Task | Only the text should come through, so restate the listing exactly and drop its images.

Dataset section |
:::::
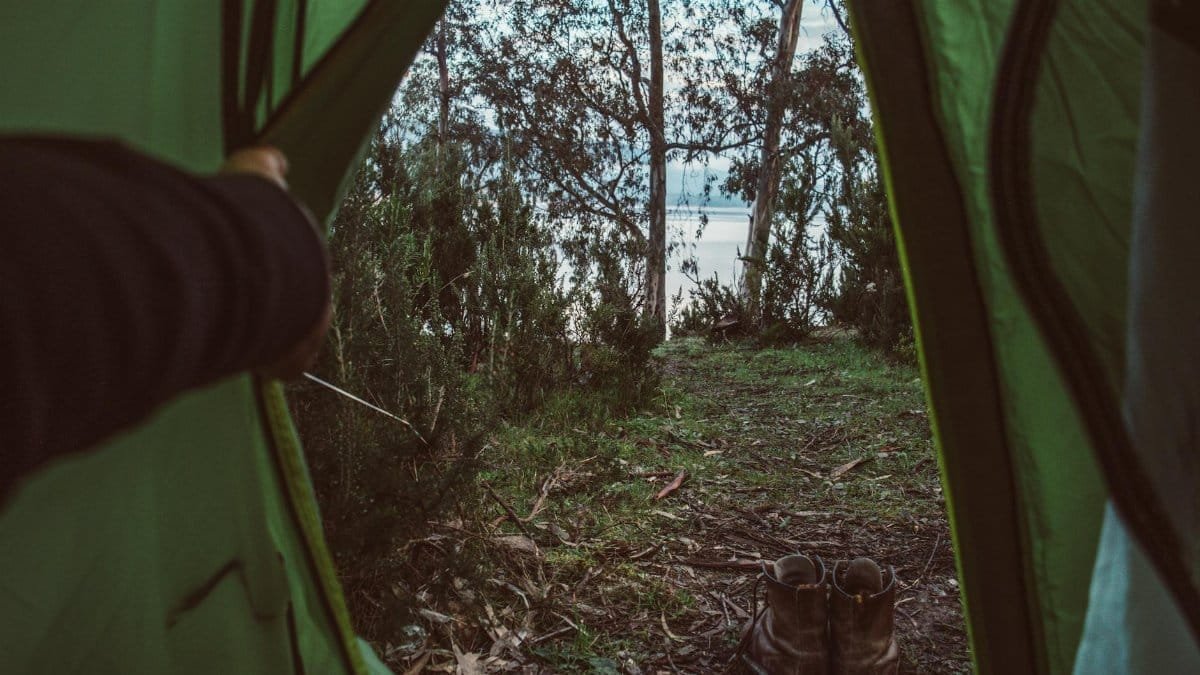 View through a tent opening at a serene lakeside forest with boots, capturing the essence of outdoor adventure.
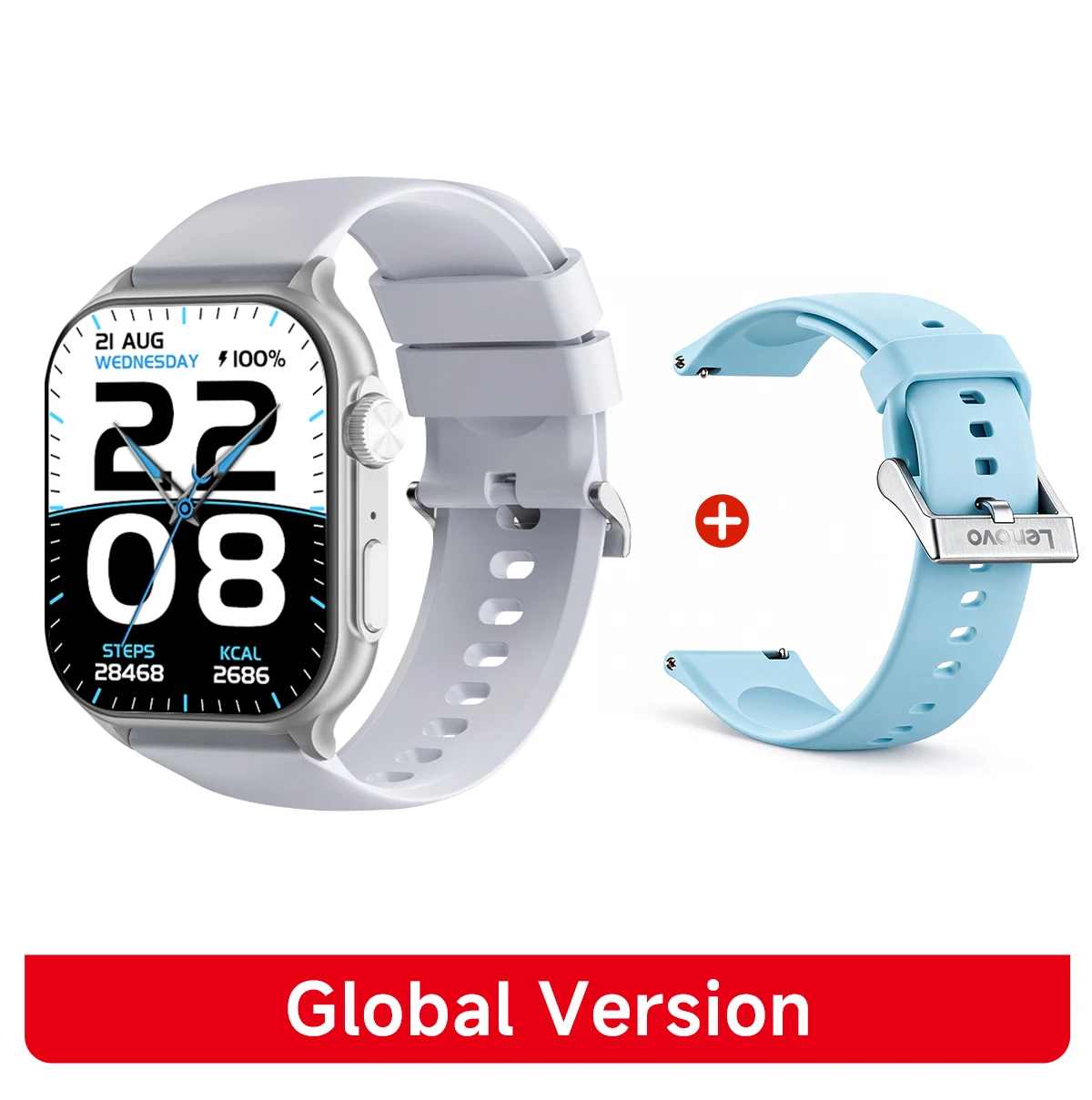 Smartwatch Lenovo Watch Fit z ekranem HD 1.96 cala i rozmowami Bluetooth Niebieski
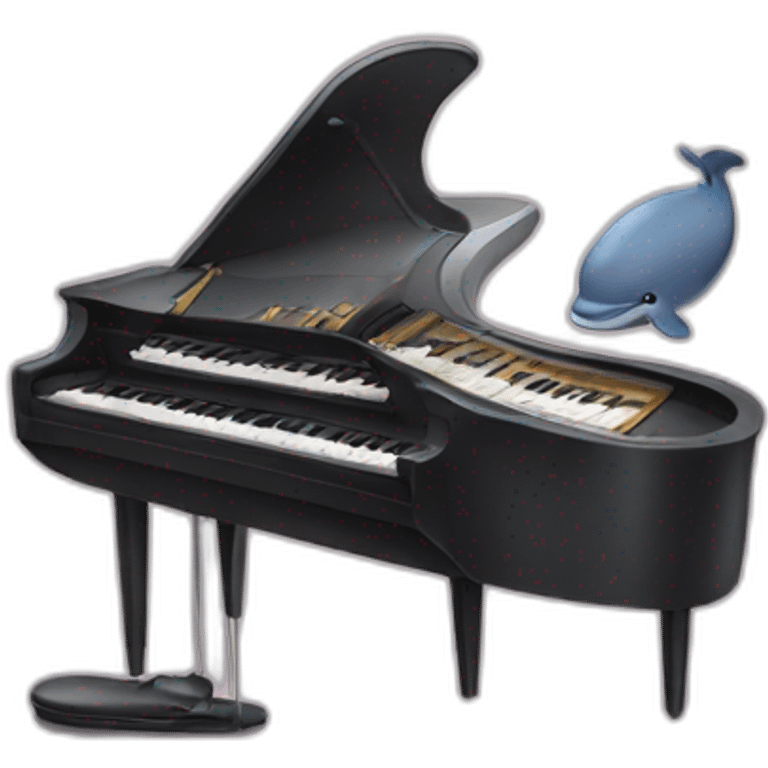 whale playing piano emoji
:::::
Response |
 View through a tent opening at a serene lakeside forest with boots, capturing the essence of outdoor adventure.
 Smartwatch Lenovo Watch Fit z ekranem HD 1.96 cala i rozmowami Bluetooth Niebieski
 whale playing piano emoji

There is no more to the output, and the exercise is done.